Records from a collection

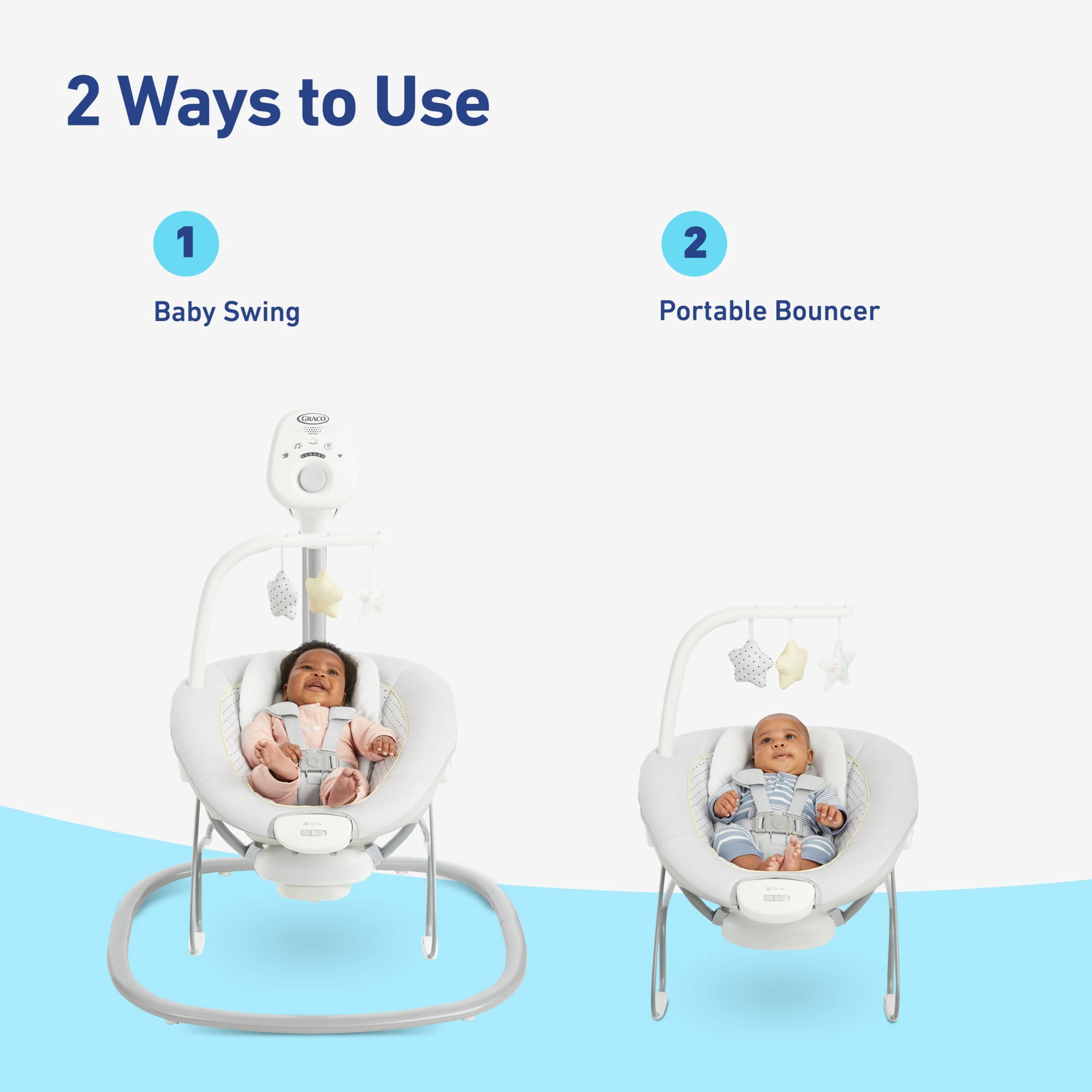 Graco Sway2Me Swing with Portable Bouncer, Watson
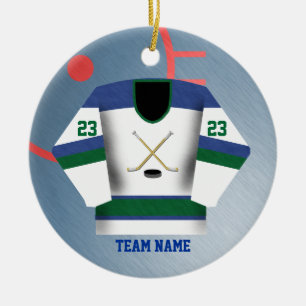 Hockey Player Jersey Ornament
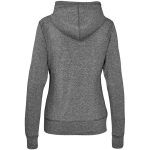 Ladies Fitness Lightweight Hooded Sweater- Black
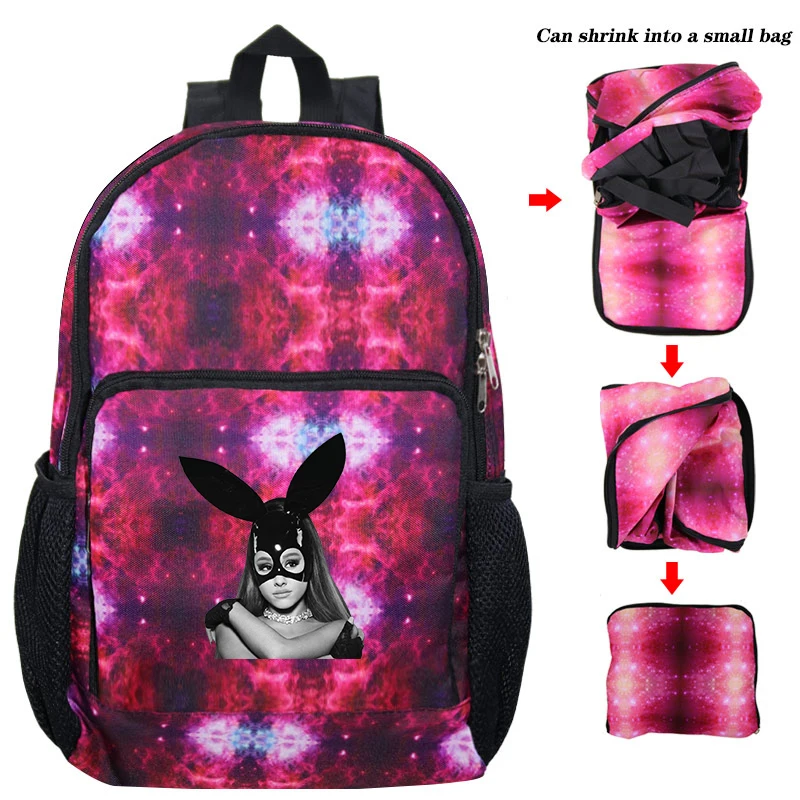 Backpack 20 Нейлоновый женский рюкзак Ariana Grande, сумки Kpop, стильные однотонные рюкзаки, Mochila Feminina Mujer, дорожная сумка для девочек-подростков, школьный ранец - Цвет: Backpack 20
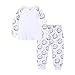 2022 Neu Unisex Kleinkind Kinder Jungen Mädchen Outfits Langarm Top Hose Osterhase-Ei Pyjama Home Wear Nachtwäsche Set Langarm Pyjamas Sets Festlich Home Kleidung (1-4Y)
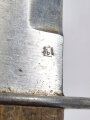 Stiefelmesser Nahkampfmesser Luftwaffe. Scheide Originallack, Kammerstück, die Klingenspitze abgebrochen und beigeschliffen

## Aim of the exercise
Word-for-word restatement: every line from the one with "2022 Neu Unisex" through the final line of the data, both ends included, pictures excluded.

## Written answer
 2022 Neu Unisex Kleinkind Kinder Jungen Mädchen Outfits Langarm Top Hose Osterhase-Ei Pyjama Home Wear Nachtwäsche Set Langarm Pyjamas Sets Festlich Home Kleidung (1-4Y)
 Stiefelmesser Nahkampfmesser Luftwaffe. Scheide Originallack, Kammerstück, die Klingenspitze abgebrochen und beigeschliffen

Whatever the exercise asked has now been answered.